“Jo please, come in!”, calls Rupert Leikam in response to the timid knock on the wooden door. The man from Knappenberg keeps an open house. Or rather: an open workshop. “When I’m there, anyone can come and have a look. Of course, I don’t always have time for a tour of the workshop, but there’s plenty to see in the showroom at the back, even without me.”
You wouldn’t know it by looking at the likeable man with the Toni Sailer smile and the blue work coat, but he is actually the last of his kind: currently the only master pewterer in Austria, who also runs the only pewter foundry in Carinthia. The heyday of this craft in our latitudes has actually been over since the 15th and 16th centuries. Leikam didn’t care much about this from the very beginning. Exactly 100 years after the last pewter foundry in Carinthia closed, he opened his in the former mining village of Knappenberg in the Görtschitz Valley. Not only does he keep an old craft alive, his pewter foundry is also a pleasantly unaffected place for exciting experiences and genuine human encounters.
Shimmering souvenirs from the Görtschitz Valley
“As a trained metalworker, I worked in a pewter foundry in Salzburg for ten years. I then bought the machines from a company that had closed down – and returned to my home in Görtschitztal,” says the master pewterer as he leans over the melting furnace, where a bar of pewter is melting away. He is about to pour the shiny liquid into a silicone mold and get the centrifugal casting machine next to it up and running.

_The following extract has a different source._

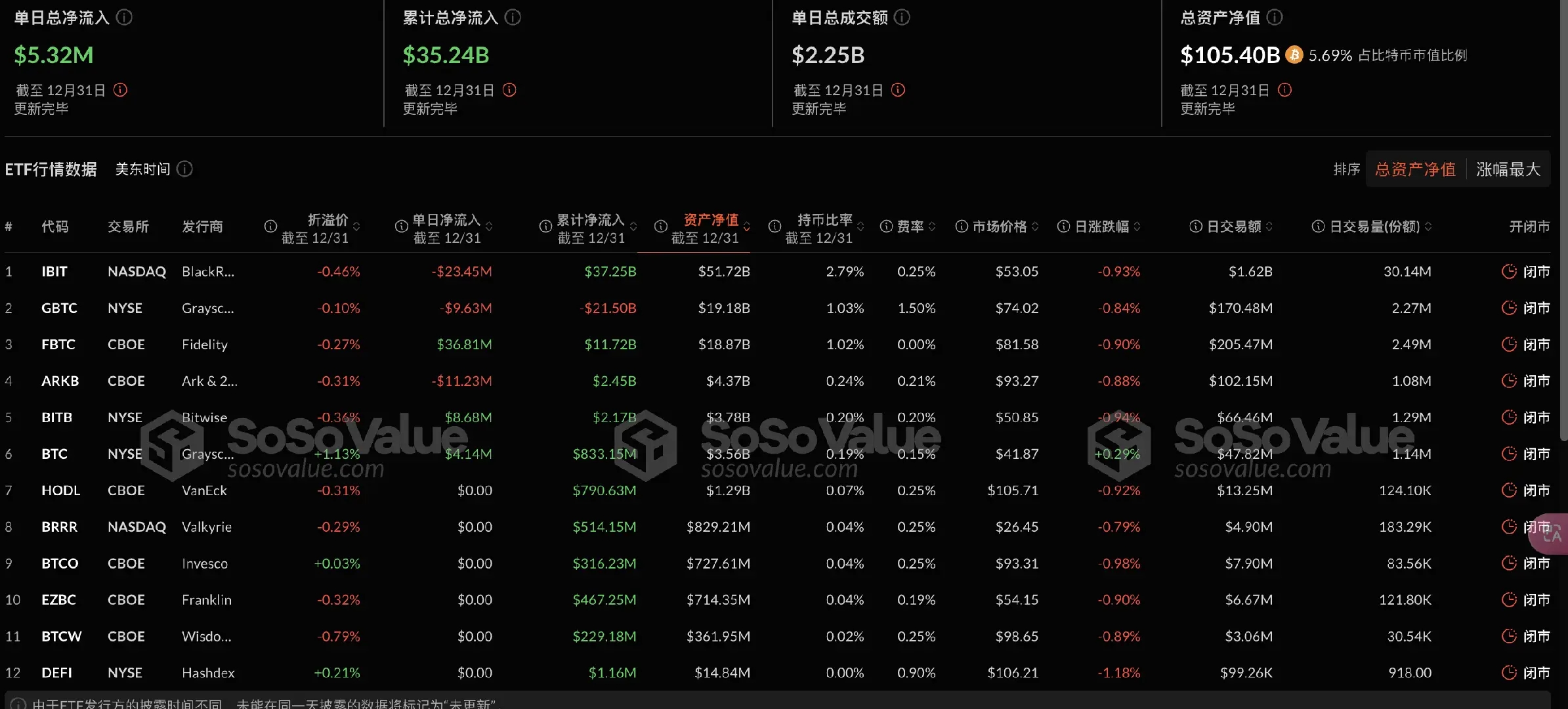 比特币现货 ETF 昨日总净流入 531.81 万美元，ETF 净资产比率达 5.69%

This is how the small souvenirs are created that many people take home from the Heinrich Harrer Museum in Hüttenberg, the Jufa Hotel or the show mine in Knappenberg: Small pewter buddhas and yaks, the endless knot, a Buddhist symbol of good luck, unusual pewter jewelry or coin lucky charms. Clubs and communities also appreciate Leikam’s work and order trophies and plates from him. And the large orders, where handmade, elaborate pewter work is in demand, often come from abroad. So he never gets bored, the master pewterer.
A workshop like in the old days
All of these pewter products can also be found in his showroom and salesroom right next to his workshop. And that alone is worth a visit. The cast-iron tiled windows tell of a time when the workshop was still used as a carpentry workshop for the then flourishing mining industry. Inside, narrow, winding paths lead past machines, workbenches, storage and workstations, it smells of fire, lubricating oil and metal, a radio babbles away. It seems as improvised as it is practical, with little electricity and a lot of real manual work. Places like this are very rare these days. Where else can you simply walk into such an honest workshop and look over the master’s shoulder? Rupert Leikam accepts this enthusiasm with a relaxed smile, as is his way. He sits engrossed at his workbench and puts the finishing touches to the small pewter figures by hand.
It is unmistakable: this man has time.